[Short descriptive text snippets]
################

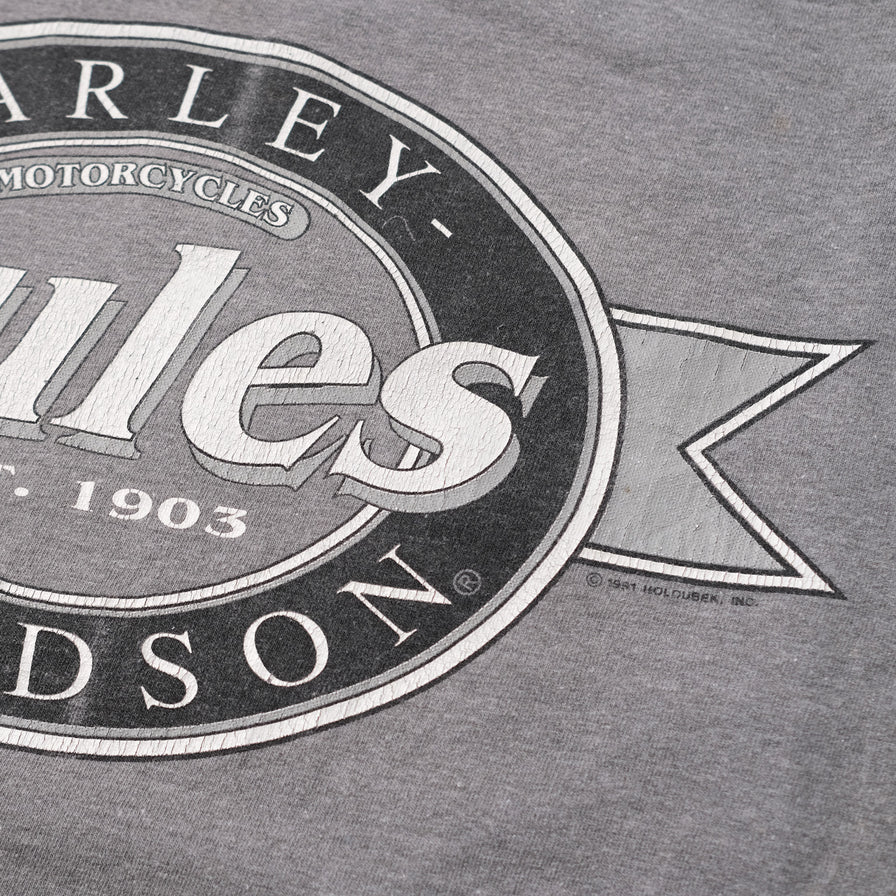 Vintage Harley Davidson T-Shirt Large / XLarge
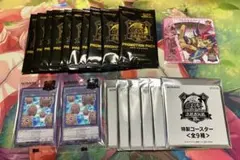 遊戯王 東京ドーム 決闘者伝説 25th プロモパック等 まとめ売り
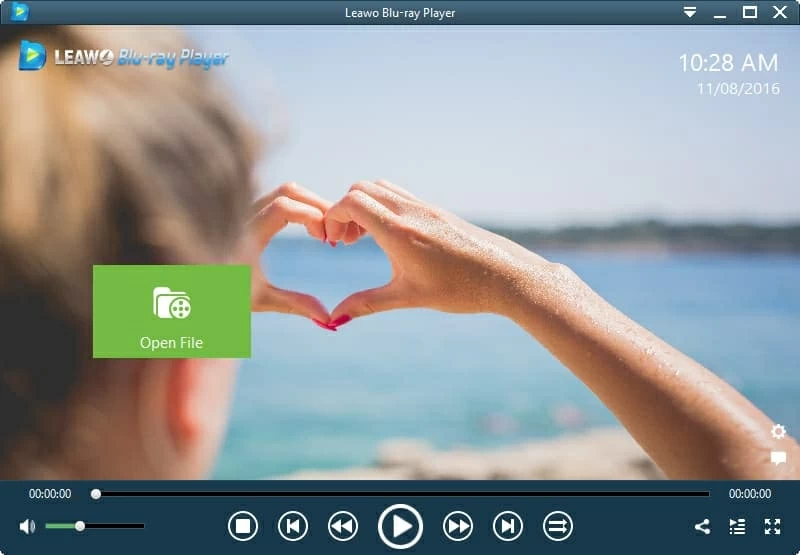 Leawo Blu-rayプレーヤーでWindows10でBlu-rayビデオを見る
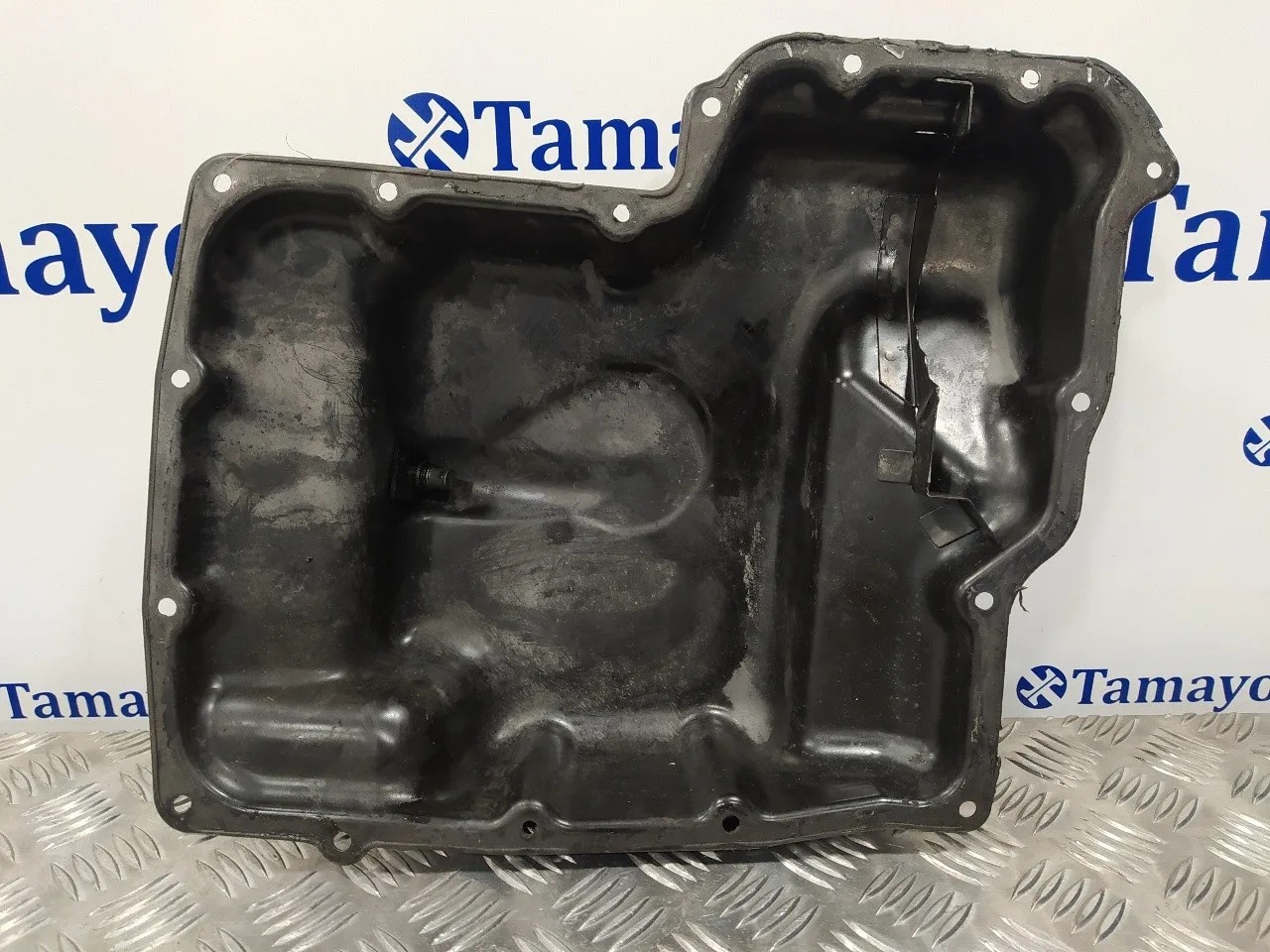 Carter para Ford Transit Caja Cerrada '06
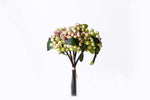 Rustic Berry Bunch GRN Purple Multi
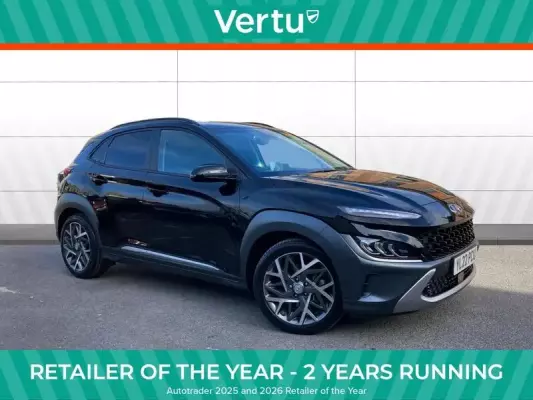 Hyundai KONA 1.6 h-GDi Ultimate DCT Euro 6 (s/s) 5dr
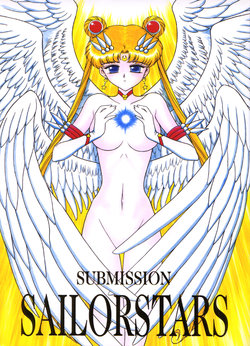 (C62) [BLACK DOG (Kuroinu Juu)] Submission Sailor Stars (Bishoujo Senshi Sailor Moon) [Spanish]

################

= Work order =
Look for the line that contains "遊戯王 東京ドーム 決闘者伝説 25th プロモパック等 まとめ売り", then please copy it and the rest of the lines through the end of the data, pictures excluded.

= Task output =
 遊戯王 東京ドーム 決闘者伝説 25th プロモパック等 まとめ売り
 Leawo Blu-rayプレーヤーでWindows10でBlu-rayビデオを見る
 Carter para Ford Transit Caja Cerrada '06
 Rustic Berry Bunch GRN Purple Multi
 Hyundai KONA 1.6 h-GDi Ultimate DCT Euro 6 (s/s) 5dr
 (C62) [BLACK DOG (Kuroinu Juu)] Submission Sailor Stars (Bishoujo Senshi Sailor Moon) [Spanish]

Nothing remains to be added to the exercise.